COMMENT: Informal employment threatens Romanian development

By bne IntelliNews July 9, 2008

Denis Drechsler and Theodora Xenogiani of the OECD -

Many jobs in Romania – as many as half the total – are not subject to labour legislation. Employees often lack access to social protection or employment benefits, and untaxed envelope payments are frequently the rule.

Informality on this scale is a serious problem. It means less tax income for the state and therefore less room to provide infrastructure and public services. The insufficient reach of safety nets to the informal sector renders people vulnerable to economic shock and poverty.

Why informality

Informal employment in Romania cannot be understood without recognising its diverse nature. It is present in many sectors, such as construction, services and agriculture, and takes various shapes and forms, including non-registered firms, false self-employment and under-declaration of earnings. While some deliberately opt out of the formal system others have no choice but to use informal employment as a livelihood strategy.
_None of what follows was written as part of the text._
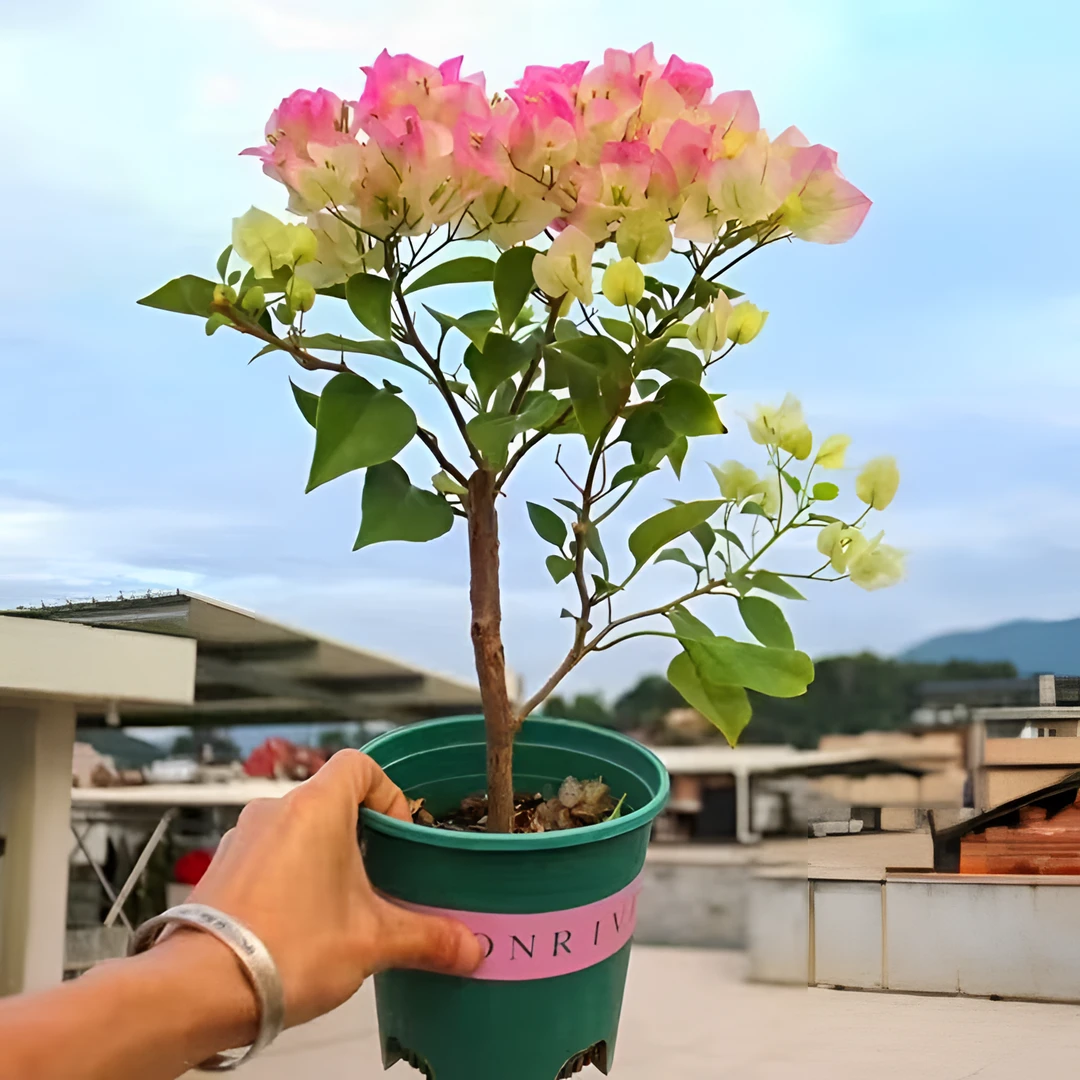 新品种三角梅盆栽小苗室内阳台庭院好养花卉四季开花不断爬藤植物
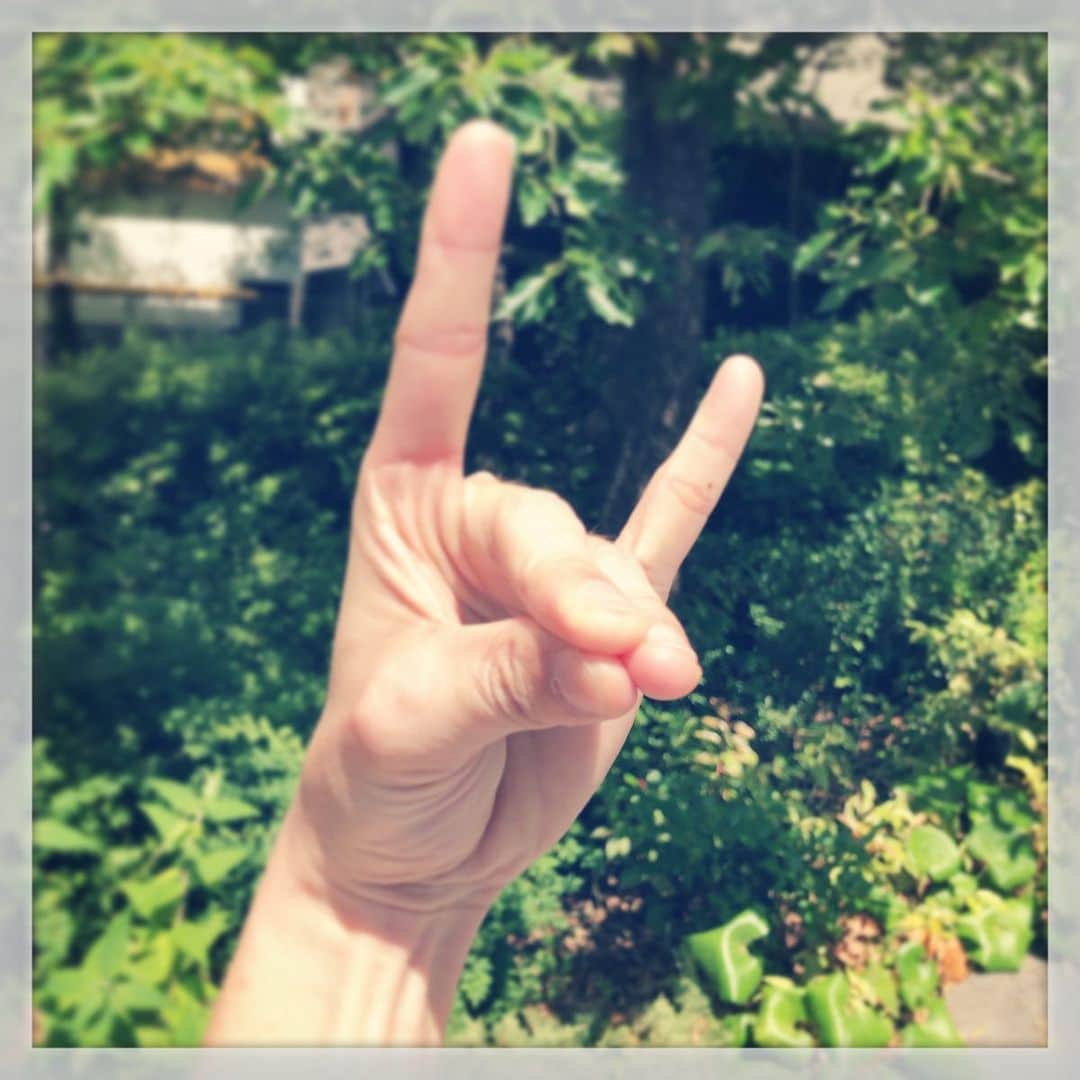 山崎勝之さんのインスタグラム写真 - (山崎勝之Instagram)「ケトジェニック風ダイエット始めました。 自分に甘く、【風】でございます。 現場からは以上です。」6月3日 9時42分 - chan_yama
Employers who opt out of the formal system blame high tax and contribution rates, and they get away with it because of insufficient mechanisms to penalise tax evasion. Workers fail to see the link between social security contributions and benefits, and in any case deplore the low quality of public services. Hence they prefer informal employment. Corruption in Romania's public sector is a further disincentive to joining the formal sector (see graphic).


What explains informal employment

Young people, older workers and low-skilled individuals may have no choice but to take informal employment. They simply do not have the necessary requirements to enter the formal sector. Their only alternative is poverty.

Wanted: policies that work!

Attempts to reduce informality have had varying degrees of success. The introduction of a flat tax rate in 2005 could lower informal employment. The reduction of social contribution rates in 2003 also seems to have been a positive move.

Other policies, such as raising minimum wages, seem to have limited the opportunities for formal employment, especially for the most disadvantages groups. Recent social assistance programmes, intended specifically to help people in the informal sector, may have instead given them stronger incentives to remain in informal work.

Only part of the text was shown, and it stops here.